Further data mining found that SARS-CoV-2 infection results in increased NAMPT gene expression in three pulmonary cell lines: Calu3, NHBE, and A549 (data from (29)/GSE147507 and accessed through Skyline Immgen (www.immgen.org) (Figures 3A–C). Calu3 cells are a submucosal gland cell line generated from a bronchial adenocarcinoma. A549 cells are adenocarcinoma alveolar basal epithelial cells. NHBE cells are normal human bronchial epithelial cells isolated from above the bifurcation of the lungs.
Figure 3 Cell culture experiments demonstrate upregulation of NAMPT in response to SARS-CoV-2 infection.
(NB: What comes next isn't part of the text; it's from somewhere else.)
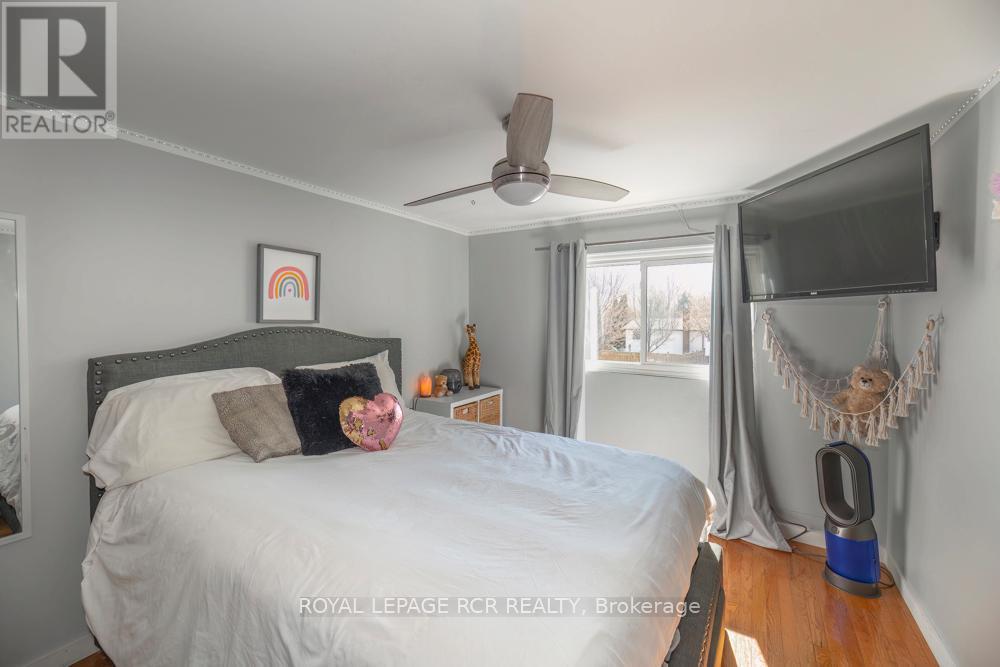 71 MORGANDALE CRESCENT - 27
SARS-CoV-2 infection induced NAMPT gene expression in (A) Calu3 cells, (B) NHBE cells, and (C) A549 cells (GSE147507, Data was accessed through Skyline Immgen (www.immgen.org)). (D) SARS-CoV-2 infection failed to induce a robust increase in NAMPT in primary human airway epithelial cells from aged individuals (GSE175779). ANOVA was used followed by Tukey’s multiple comparisons test. *p<0.05, **p<0.01, ***p<0.001, ****p<0.0001.
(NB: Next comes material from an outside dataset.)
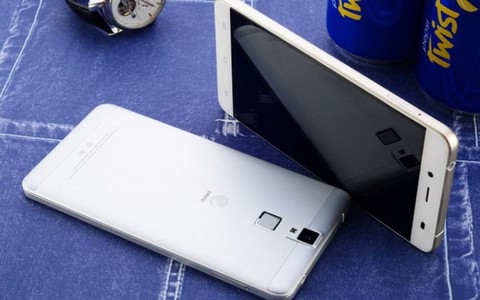 Lộ diện smartphone đầu tiên của hãng nước ngọt Pepsi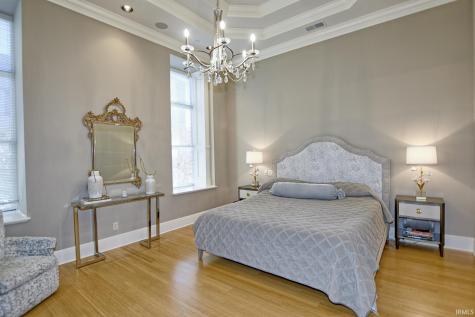 300 Main Street Evansville IN 47708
Interestingly, SARS-CoV-2 infection of primary human airway epithelial cells from aged individuals failed to elicit a robust increase in NAMPT (31) (Figure 3D). This may suggest that lungs of aged individuals have decreased capacity to upregulate NAMPT as compensation for increased NAD turnover from SARS-CoV-2 infection.
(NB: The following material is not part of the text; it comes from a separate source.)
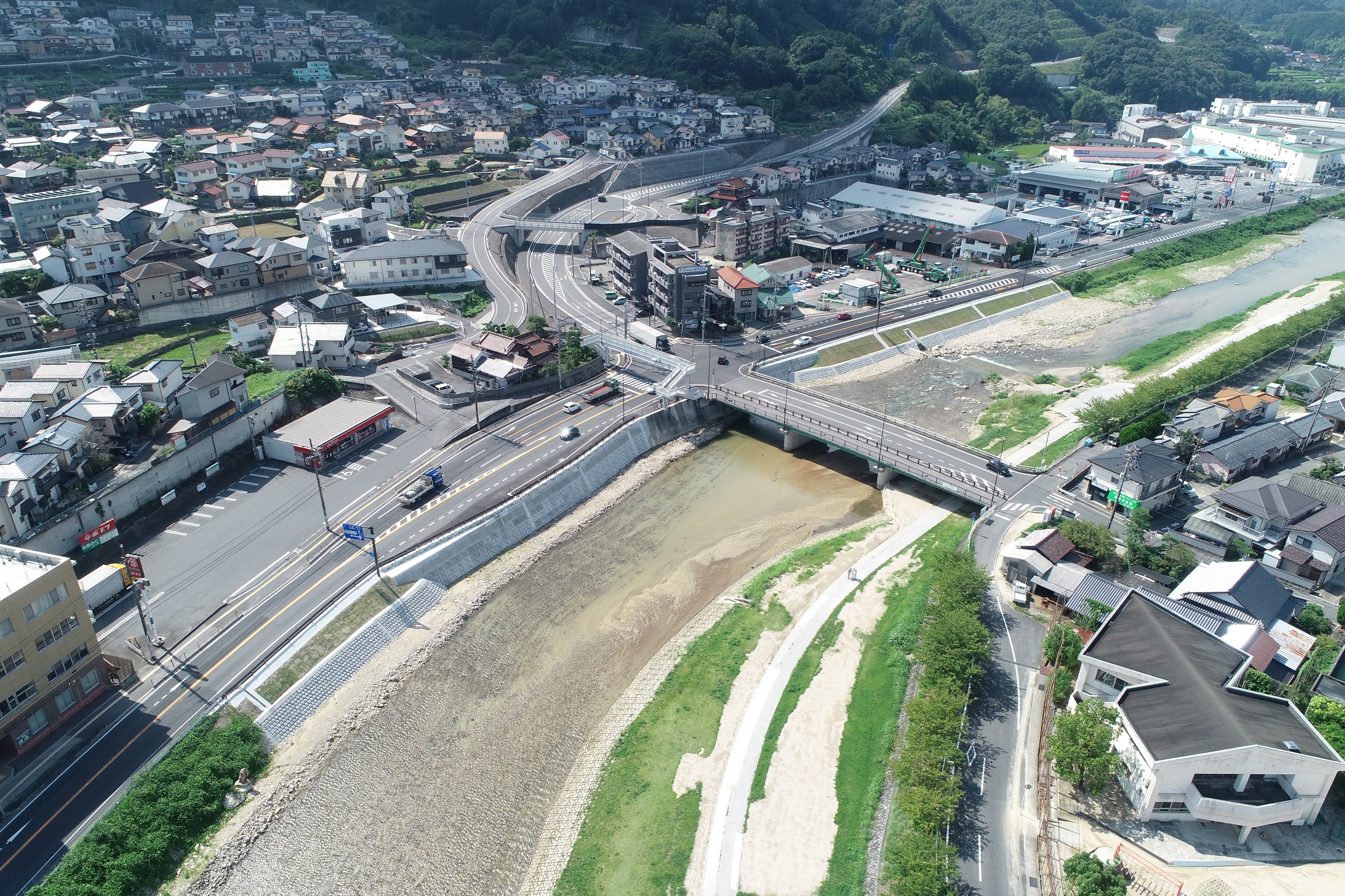 写真：国道２号線中野地区災害復旧第１、第２工事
Effect of NR and Anti-monomeric NAMPT antibody on SARS-CoV-2 infection
Our validated findings demonstrating increased NAD turnover in SARS-CoV-2 infection suggested that modulating NAD pathways may alter disease progression and may offer therapeutic benefits. Specifically, we hypothesized that treating K18-hACE2 mice with nicotinamide riboside (NR), a potent NAD precursor, may mitigate lethality and improve recovery from SARS-CoV-2 infection. We also tested the therapeutic potential of an anti- monomeric NAMPT antibody using the same infection model. Nicotinamide phosphoribosyltransferase (NAMPT) is the rate-limiting biosynthetic enzyme in the salvage NAD synthesis pathway and exists intracellularly (iNAMPT) and extracellularly (eNAMPT) (32). NAMPT can exist in either a monomeric or dimeric configuration (33). Monomeric NAMPT may promote pro-inflammatory effects that contribute to diabetes (34, 35) and ARDS in mouse model (36). While small molecular inhibitors (FK866 and GMX1778) are available, they will block all NAMPT and prevent the ability to dissect the role of monomeric NAMPT. We chose this antibody based on previous report of anti-monomeric NAMPT activity (35). Since data suggests that that SARS-CoV-2 dysregulates NAD metabolism by increasing NAD turnover, boosting NAD levels may promote cellular NAD balance and potentially alleviate the dysregulation. Blockade of monomeric NAMPT would tend to inhibit the NAD-independent effects of NAMPT, and maintain NAD-dependent effects of NAMPT.
In the study demonstrated in Figure 4A, six groups of K18-hACE2 mice (n=6 mice per group) were infected with sublethal dose of SARS-CoV-2 and followed for 14 days post infection. NR was added to the chow for NR receiving groups. Low dose (LD) anti-monomeric NAMPT (Ab) or high dose (HD) Ab was administered at days 1,4, and 8 post infection, either as monotherapy or in combination with NR.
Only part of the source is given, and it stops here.